_WORK REQUIRED_
In your output, repeat each entry exactly and include no pictures.

_Stored dataset items_
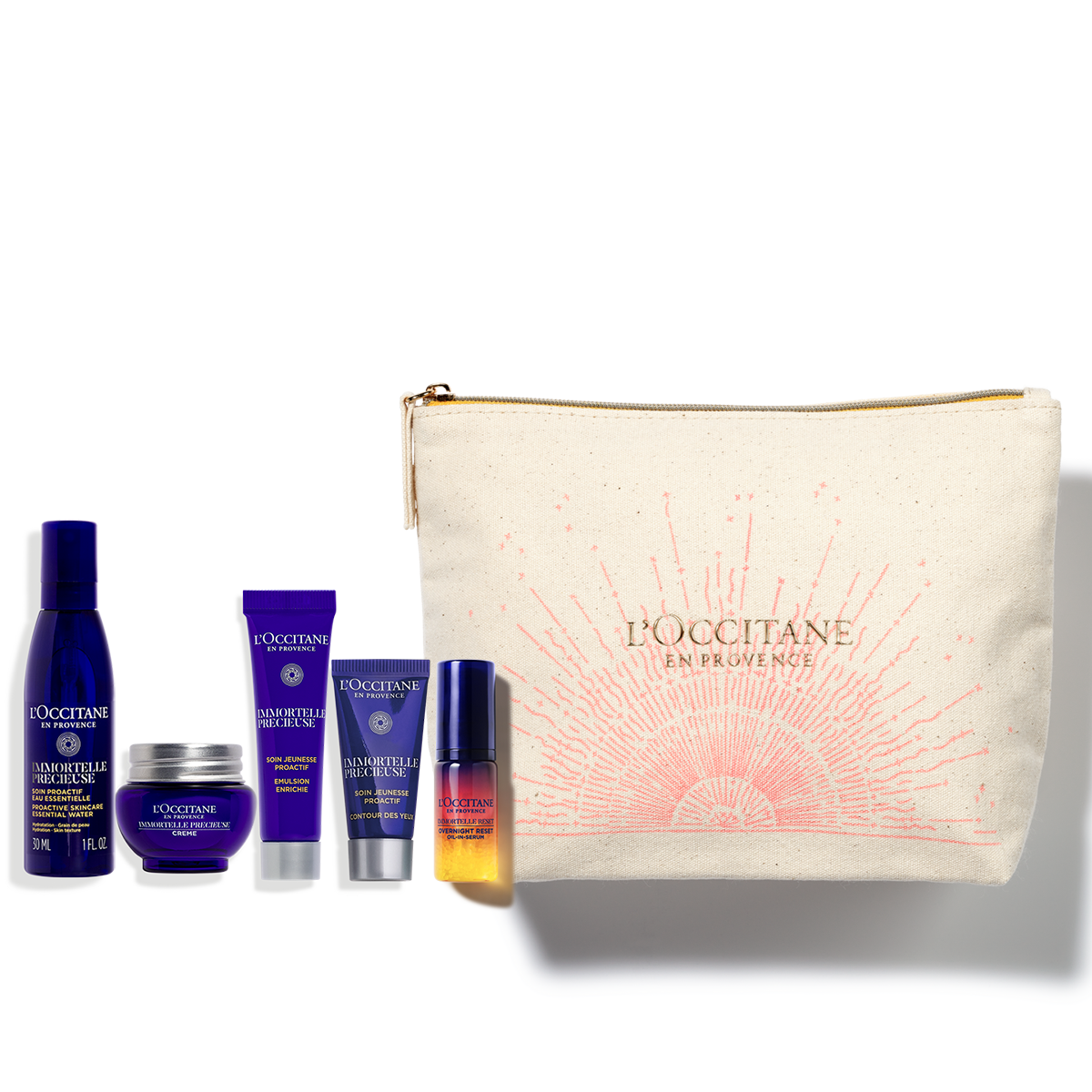 Подарочный набор "Иммортель" в косметичке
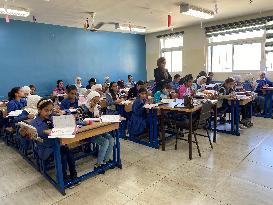 JORDAN-AMMAN-WORLD BOOK DAY-REFUGEE STUDENTS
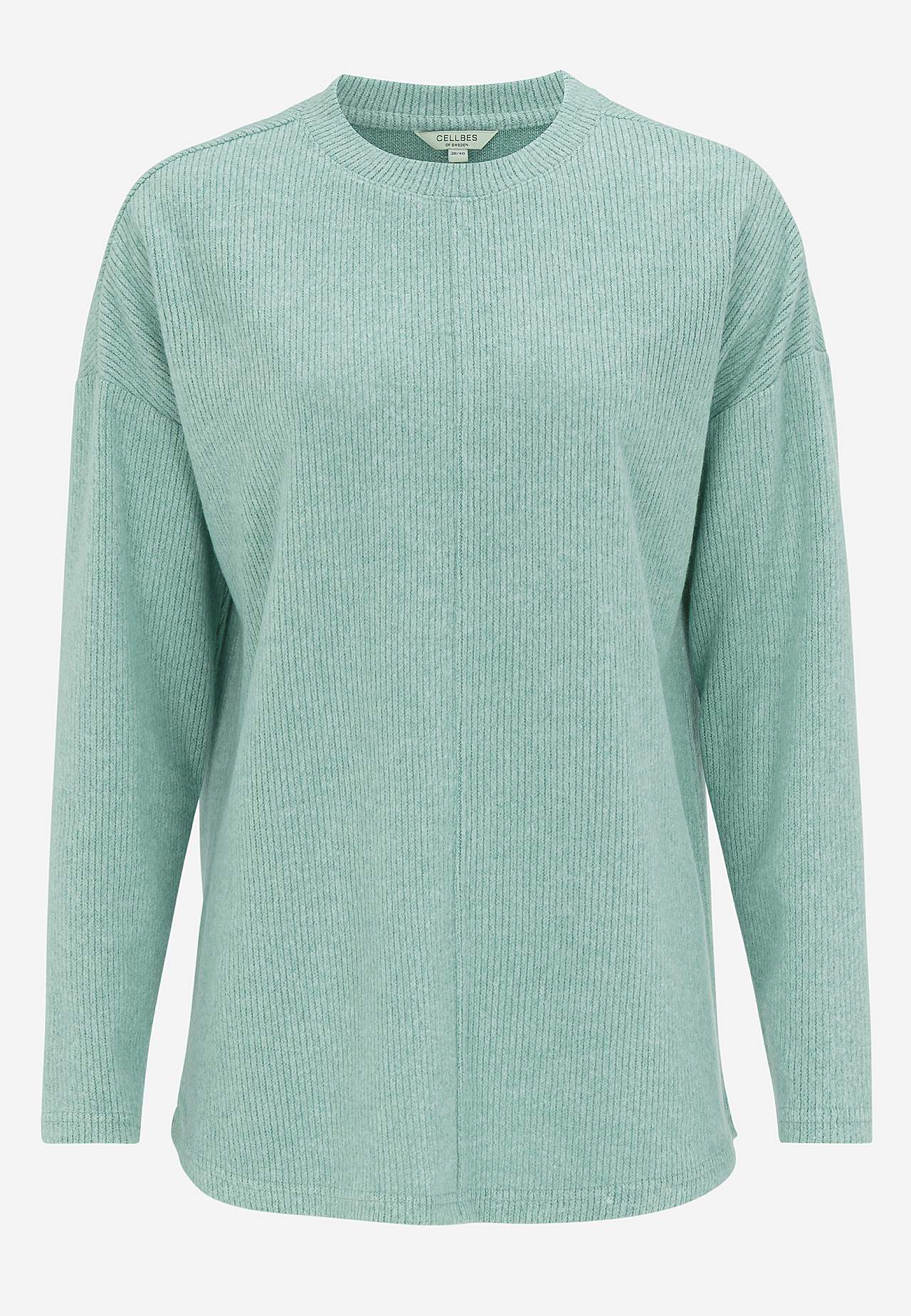 Supermjuk tröja med dekorativ mittsöm Beata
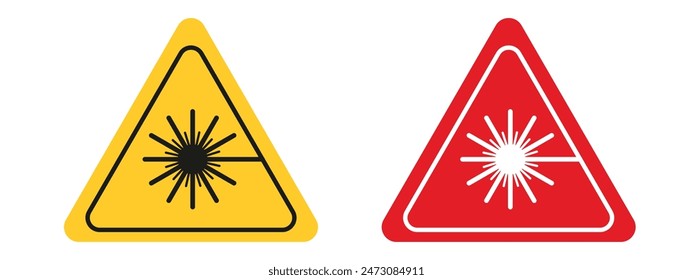 Laser Danger Warning Icon Promote Safety in Laser Operation Zones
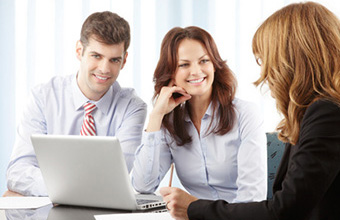 Business people working in group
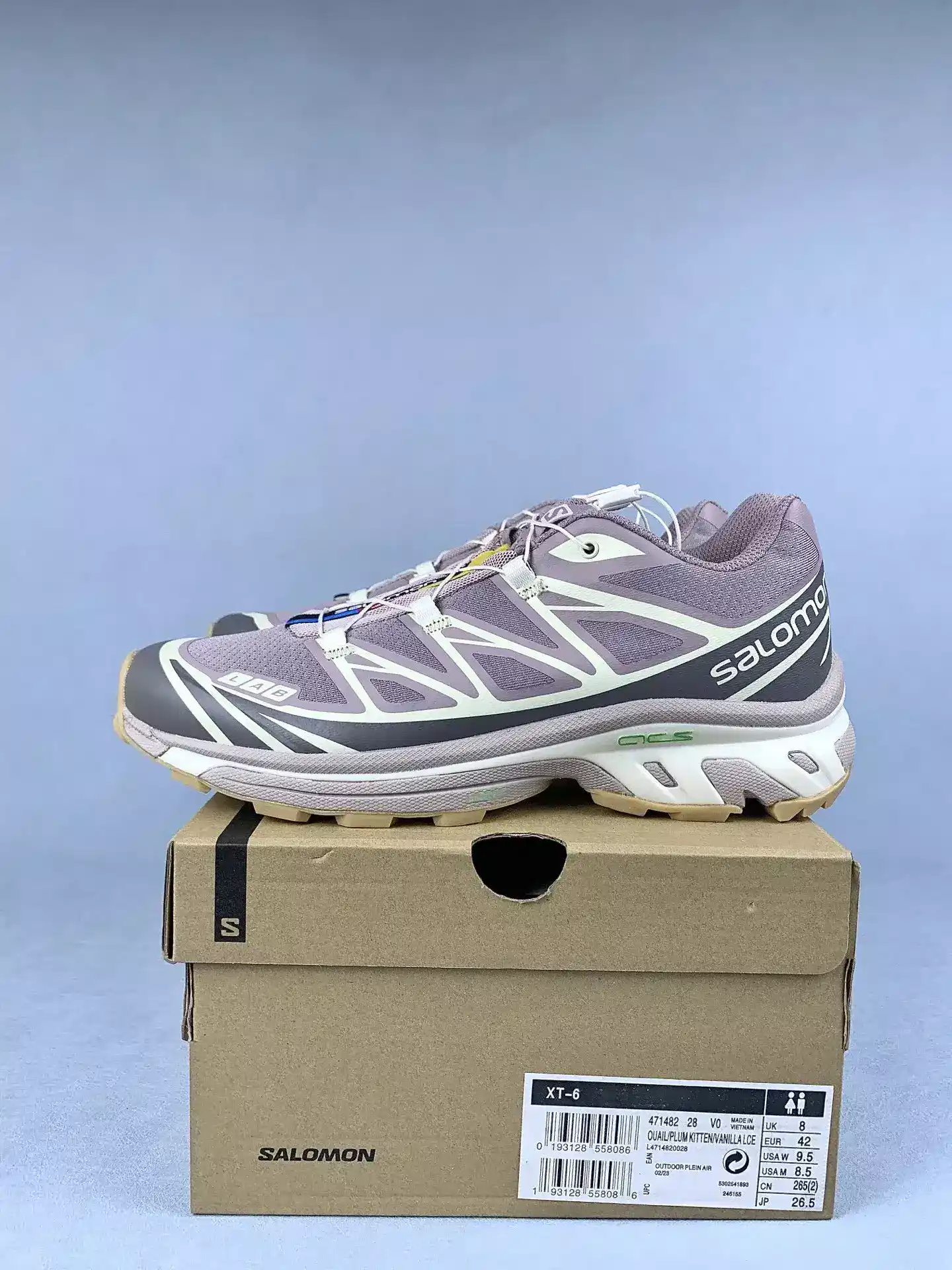 Salomon XT-6 “Purple Pink Gum” Shoes product photo from LabelPicks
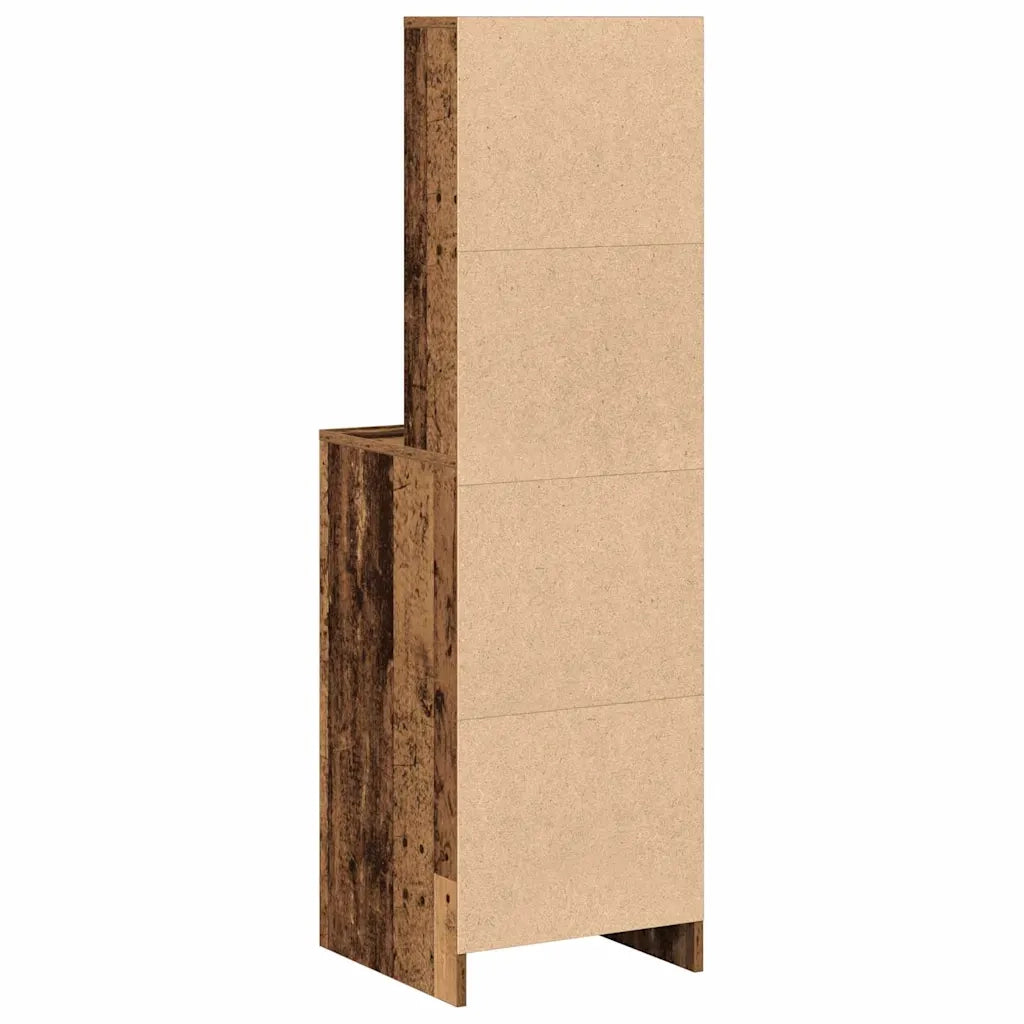 Credenza-Buffet-Armadio da cucina Legno vecchio 40 x 40,5 x 135 cm Legno multistrato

_ANSWER BOX_
 Подарочный набор "Иммортель" в косметичке
 JORDAN-AMMAN-WORLD BOOK DAY-REFUGEE STUDENTS
 Supermjuk tröja med dekorativ mittsöm Beata
 Laser Danger Warning Icon Promote Safety in Laser Operation Zones
 Business people working in group
 Salomon XT-6 “Purple Pink Gum” Shoes product photo from LabelPicks
 Credenza-Buffet-Armadio da cucina Legno vecchio 40 x 40,5 x 135 cm Legno multistrato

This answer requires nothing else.